Beginning with the line that contains "Mademoiselle Candle (No.47)" in the material below, print each line exactly until the line that contains "Tentree Hemp Step Hem Short Sleeve T-Shirt 2" has been printed, then stop.
--- MATERIALS PROVIDED Enclosed Below ---
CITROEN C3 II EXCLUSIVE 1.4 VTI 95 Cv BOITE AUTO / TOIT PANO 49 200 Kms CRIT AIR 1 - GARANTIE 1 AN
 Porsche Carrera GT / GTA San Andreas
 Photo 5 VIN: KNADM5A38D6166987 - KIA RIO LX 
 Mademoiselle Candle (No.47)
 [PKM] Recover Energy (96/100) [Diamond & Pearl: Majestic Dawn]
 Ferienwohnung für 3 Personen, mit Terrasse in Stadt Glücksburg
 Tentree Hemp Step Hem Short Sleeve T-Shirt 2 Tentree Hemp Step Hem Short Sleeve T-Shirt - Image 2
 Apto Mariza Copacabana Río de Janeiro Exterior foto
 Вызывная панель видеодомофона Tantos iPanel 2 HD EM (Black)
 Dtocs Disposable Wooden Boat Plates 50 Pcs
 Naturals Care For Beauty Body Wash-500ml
--- End of Enclosed MATERIALS PROVIDED ---
*ANSWER BOX*:
 Mademoiselle Candle (No.47)
 [PKM] Recover Energy (96/100) [Diamond & Pearl: Majestic Dawn]
 Ferienwohnung für 3 Personen, mit Terrasse in Stadt Glücksburg
 Tentree Hemp Step Hem Short Sleeve T-Shirt 2 Tentree Hemp Step Hem Short Sleeve T-Shirt - Image 2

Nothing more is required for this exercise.